◆ **What is required**: Look through the data below for the line with "Imagem principal do", and transcribe it exactly together with each line after it up to and including the line with "TC Hükümeti'nce ihaie". Give nothing else.

◆ **Record extracts**:
•••
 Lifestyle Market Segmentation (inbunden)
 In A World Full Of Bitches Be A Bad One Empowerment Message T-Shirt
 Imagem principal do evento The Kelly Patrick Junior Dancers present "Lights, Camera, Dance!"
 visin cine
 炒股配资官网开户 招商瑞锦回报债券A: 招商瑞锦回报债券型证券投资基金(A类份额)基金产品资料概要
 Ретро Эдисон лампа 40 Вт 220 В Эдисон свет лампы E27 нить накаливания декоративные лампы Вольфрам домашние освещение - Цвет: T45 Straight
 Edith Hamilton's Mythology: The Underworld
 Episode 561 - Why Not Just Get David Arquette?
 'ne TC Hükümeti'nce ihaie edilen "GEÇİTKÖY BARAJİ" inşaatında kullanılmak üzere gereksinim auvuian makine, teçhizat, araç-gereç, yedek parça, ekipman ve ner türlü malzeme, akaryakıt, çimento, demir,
•••
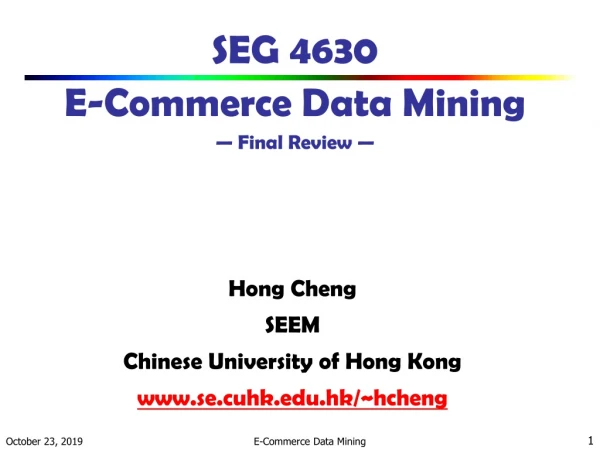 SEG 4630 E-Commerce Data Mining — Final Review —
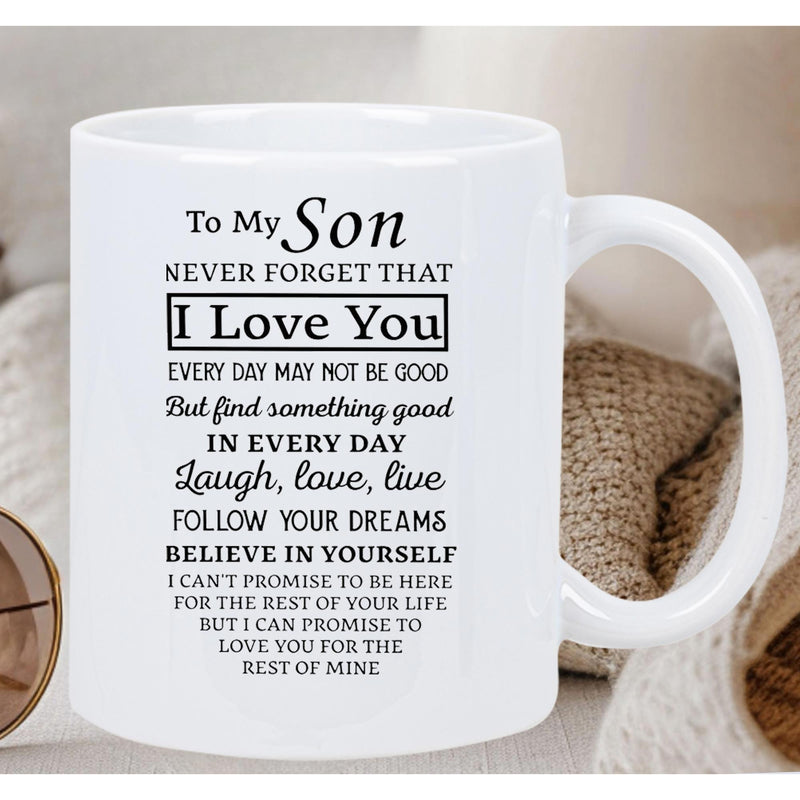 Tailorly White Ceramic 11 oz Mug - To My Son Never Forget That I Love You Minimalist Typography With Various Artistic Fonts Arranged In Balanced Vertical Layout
•••
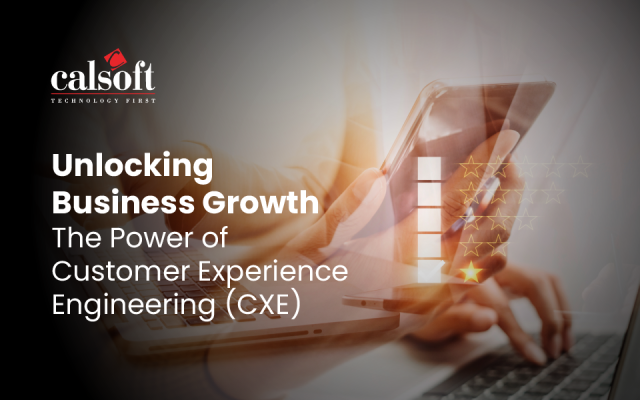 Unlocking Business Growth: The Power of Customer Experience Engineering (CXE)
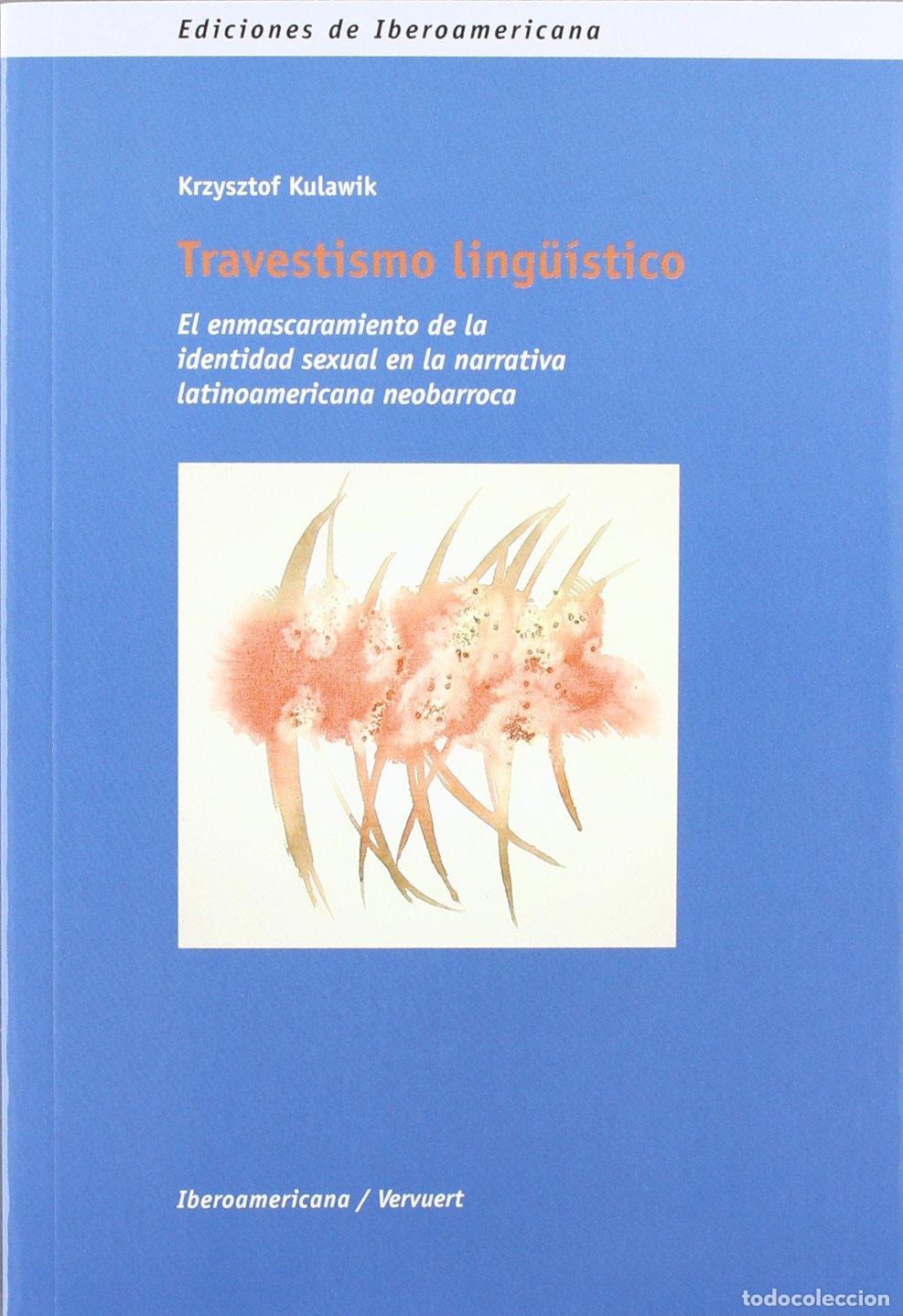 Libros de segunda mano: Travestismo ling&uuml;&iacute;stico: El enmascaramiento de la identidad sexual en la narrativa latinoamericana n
•••
◆ **Reply**:
 Imagem principal do evento The Kelly Patrick Junior Dancers present "Lights, Camera, Dance!"
 visin cine
 炒股配资官网开户 招商瑞锦回报债券A: 招商瑞锦回报债券型证券投资基金(A类份额)基金产品资料概要
 Ретро Эдисон лампа 40 Вт 220 В Эдисон свет лампы E27 нить накаливания декоративные лампы Вольфрам домашние освещение - Цвет: T45 Straight
 Edith Hamilton's Mythology: The Underworld
 Episode 561 - Why Not Just Get David Arquette?
 'ne TC Hükümeti'nce ihaie edilen "GEÇİTKÖY BARAJİ" inşaatında kullanılmak üzere gereksinim auvuian makine, teçhizat, araç-gereç, yedek parça, ekipman ve ner türlü malzeme, akaryakıt, çimento, demir,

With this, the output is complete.